At first glance this may seem strange. Why should man – the highest order of creation – begin life lower than a brute animal? On the surface there may even appear to be something of unfairness in this circumstance. However, when we consider the purpose for which we were created, then the reason for this becomes more clear. We are created to live to eternity as angels of heaven. As angels we can be continually perfected in love and wisdom to all eternity.

The life of animals is circumscribed. They are born with certain desires and the requisite knowledge to satisfy them. They need and desire nothing more. We, on the other hand, are born without knowledge. But we are born with an innate love of knowledge and the capacity to receive and assimilate knowledge indefinitely. We are created with such a nature that we may be continually perfected in love and wisdom to all eternity. In this way the delight of living may also increase to eternity.

Due to the fact that we are not born into the order of our lives, nor into any knowledge, we need to be instructed. On the physical plane we must be taught what is good for us and what is harmful. By example and precept we must be taught to distinguish between good and evil. We have to be introduced into a knowledge of the Lord and a belief in Him as our Heavenly Father – our God.

But, as we well know, there is a great diversity of opinion on these matters. On the physical plane, for example, there are those who think that certain foods are good and healthful, while others believe them to be harmful. Many people have their own pet theories on how to cure a particular illness; and although many of the theories are contradictory, each person believes that the one he believes in is right.

As to what is good and what is evil, there is even greater diversity of opinion. Physical pleasures such as sports or dancing and recreations such as card playing are regarded by some people to be immoral. Others believe that these are useful recreations when properly controlled and subordinated. Some people regard profanity as a legitimate form of expression while others regard it as evil. Many people accept the Ten Commandments as being a reliable, God-given standard as to what is good and what is evil.
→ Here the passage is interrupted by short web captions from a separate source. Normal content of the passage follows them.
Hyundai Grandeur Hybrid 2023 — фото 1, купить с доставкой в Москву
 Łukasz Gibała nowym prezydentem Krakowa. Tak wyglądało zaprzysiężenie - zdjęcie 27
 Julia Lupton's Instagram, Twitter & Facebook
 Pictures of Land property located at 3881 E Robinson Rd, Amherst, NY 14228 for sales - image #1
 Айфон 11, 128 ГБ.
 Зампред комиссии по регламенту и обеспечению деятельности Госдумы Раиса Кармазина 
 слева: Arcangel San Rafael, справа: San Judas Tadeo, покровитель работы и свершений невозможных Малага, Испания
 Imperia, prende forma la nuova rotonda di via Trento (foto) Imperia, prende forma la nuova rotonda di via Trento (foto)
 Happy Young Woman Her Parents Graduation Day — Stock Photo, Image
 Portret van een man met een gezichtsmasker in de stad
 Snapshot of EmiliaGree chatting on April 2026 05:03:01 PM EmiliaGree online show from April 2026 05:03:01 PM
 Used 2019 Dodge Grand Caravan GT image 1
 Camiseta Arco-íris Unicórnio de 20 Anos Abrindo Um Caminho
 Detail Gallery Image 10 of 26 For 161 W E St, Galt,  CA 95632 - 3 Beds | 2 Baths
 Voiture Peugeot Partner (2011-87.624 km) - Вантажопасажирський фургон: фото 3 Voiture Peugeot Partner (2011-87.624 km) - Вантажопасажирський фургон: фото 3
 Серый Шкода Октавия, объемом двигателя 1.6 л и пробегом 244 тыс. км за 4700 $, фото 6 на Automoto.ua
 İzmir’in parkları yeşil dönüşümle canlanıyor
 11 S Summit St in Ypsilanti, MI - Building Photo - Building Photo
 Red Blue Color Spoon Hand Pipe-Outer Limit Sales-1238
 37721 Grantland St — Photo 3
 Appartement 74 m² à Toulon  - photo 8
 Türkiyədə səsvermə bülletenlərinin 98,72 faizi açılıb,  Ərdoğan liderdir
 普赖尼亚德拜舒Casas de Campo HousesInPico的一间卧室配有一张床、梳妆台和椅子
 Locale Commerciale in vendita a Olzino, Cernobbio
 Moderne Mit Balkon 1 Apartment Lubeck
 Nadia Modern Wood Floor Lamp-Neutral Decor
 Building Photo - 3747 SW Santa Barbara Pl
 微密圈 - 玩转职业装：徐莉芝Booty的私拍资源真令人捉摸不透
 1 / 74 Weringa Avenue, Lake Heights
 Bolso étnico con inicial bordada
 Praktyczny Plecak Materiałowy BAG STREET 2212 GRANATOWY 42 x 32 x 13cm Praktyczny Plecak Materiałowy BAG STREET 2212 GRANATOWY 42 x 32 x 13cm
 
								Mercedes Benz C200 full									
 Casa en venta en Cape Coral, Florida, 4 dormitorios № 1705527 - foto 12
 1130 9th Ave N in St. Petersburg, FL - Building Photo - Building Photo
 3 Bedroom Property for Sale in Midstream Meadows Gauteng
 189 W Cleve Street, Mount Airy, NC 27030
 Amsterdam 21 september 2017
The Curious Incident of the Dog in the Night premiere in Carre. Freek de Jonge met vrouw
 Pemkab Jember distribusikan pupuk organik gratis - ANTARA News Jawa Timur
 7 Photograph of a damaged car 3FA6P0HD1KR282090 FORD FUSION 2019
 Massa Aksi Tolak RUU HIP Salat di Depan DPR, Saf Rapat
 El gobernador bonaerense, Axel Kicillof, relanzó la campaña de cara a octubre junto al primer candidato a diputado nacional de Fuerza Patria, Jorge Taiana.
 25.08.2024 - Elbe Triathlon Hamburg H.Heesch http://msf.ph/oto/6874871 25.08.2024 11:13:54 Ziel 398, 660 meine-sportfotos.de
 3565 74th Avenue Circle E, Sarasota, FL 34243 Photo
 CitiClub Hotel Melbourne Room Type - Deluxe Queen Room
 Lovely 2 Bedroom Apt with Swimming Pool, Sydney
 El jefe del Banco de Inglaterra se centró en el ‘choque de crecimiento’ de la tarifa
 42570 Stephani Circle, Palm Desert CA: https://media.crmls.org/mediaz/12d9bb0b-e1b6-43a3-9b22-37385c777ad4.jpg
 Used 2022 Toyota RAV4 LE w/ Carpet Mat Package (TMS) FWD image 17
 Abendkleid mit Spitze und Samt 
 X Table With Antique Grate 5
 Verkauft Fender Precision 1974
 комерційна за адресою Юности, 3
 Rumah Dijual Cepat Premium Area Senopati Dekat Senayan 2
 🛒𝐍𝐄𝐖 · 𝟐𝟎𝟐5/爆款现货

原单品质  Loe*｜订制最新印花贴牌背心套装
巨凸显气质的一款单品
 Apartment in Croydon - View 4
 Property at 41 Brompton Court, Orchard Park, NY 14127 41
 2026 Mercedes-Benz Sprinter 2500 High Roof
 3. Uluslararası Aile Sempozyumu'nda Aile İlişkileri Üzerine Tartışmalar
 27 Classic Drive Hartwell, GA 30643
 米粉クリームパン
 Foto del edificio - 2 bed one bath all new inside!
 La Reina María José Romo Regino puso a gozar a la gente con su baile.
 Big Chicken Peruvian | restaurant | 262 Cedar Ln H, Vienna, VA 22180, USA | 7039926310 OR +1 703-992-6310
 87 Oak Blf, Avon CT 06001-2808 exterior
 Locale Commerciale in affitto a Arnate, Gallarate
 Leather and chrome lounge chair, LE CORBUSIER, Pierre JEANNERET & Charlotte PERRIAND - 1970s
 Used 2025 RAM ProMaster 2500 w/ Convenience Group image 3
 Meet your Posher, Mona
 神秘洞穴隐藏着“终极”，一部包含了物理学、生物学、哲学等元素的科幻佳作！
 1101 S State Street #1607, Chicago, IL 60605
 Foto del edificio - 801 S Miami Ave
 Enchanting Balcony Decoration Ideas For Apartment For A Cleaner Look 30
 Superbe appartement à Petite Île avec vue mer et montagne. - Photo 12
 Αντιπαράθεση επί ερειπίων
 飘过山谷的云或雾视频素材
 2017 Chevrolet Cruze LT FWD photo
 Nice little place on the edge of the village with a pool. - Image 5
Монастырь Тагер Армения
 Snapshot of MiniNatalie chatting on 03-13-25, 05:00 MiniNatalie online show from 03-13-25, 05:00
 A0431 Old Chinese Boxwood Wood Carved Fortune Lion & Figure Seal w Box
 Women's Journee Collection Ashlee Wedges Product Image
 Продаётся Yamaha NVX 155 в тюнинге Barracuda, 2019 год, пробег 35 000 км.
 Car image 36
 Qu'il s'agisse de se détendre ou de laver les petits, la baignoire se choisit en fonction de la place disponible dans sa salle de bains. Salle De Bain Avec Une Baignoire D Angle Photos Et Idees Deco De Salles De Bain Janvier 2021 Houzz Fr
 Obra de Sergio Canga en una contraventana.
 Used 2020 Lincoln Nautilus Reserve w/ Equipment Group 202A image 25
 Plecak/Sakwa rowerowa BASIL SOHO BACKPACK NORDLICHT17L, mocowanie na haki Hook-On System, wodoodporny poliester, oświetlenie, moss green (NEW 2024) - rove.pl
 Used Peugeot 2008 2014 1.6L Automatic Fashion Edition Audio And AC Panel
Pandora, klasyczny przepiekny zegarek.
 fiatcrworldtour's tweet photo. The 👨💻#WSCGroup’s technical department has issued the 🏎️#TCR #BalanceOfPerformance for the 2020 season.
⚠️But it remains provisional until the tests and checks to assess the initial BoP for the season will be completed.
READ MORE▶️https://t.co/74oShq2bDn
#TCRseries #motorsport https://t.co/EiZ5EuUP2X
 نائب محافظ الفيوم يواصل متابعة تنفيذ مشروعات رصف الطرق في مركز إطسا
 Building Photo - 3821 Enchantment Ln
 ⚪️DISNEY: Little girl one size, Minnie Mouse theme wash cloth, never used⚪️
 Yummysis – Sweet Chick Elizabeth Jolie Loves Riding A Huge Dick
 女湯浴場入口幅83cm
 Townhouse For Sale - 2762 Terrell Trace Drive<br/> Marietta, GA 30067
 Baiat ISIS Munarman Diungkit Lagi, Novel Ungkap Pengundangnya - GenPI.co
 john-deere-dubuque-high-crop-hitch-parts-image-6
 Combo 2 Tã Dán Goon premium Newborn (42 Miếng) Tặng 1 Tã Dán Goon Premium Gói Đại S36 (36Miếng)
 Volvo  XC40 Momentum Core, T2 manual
Others regard them as irrelevant – an outmoded standard of a bygone age.

In regard to God, there are those who categorically deny His existence. Others say that there is a God but that God is a creative force – He is not a Man. Others, again, believe in a God who is one as to substance but tri-personal in form.

These examples serve to illustrate the fact that the faith of every child is, to a great extent, the product of the opinions of parents, teachers, and friends, and of one’s own experience. During infancy and childhood a person’s belief, or faith, is the faith of one’s parents entirely. As one advances to youth, the person’s faith is affected by, and combined with, the faith of one’s teachers and friends and those whom one idolizes. We see from this that there are different kinds of faith.

The Writings speak of the following: “(1) Infantile faith, adolescent faith, adult faith. (2) Faith in genuine truth and faith in appearances of truth. (3) Faith of the memory, faith of reason, faith of light. (4) Natural faith, spiritual faith, celestial faith. (5) Living faith and faith founded on miracle. (6) Free faith and forced faith” (TCR 344).

The faith of infancy is a blind, unquestioning faith. The infant believes everything it is told. Because its mind is only beginning to be formed, the young child cannot distinguish between reality and appearance. The child’s faith, of necessity, is a faith in appearances of truth. In infancy and childhood there is no real choice as to what will be believed; faith is therefore, at this stage, to a degree a forced faith.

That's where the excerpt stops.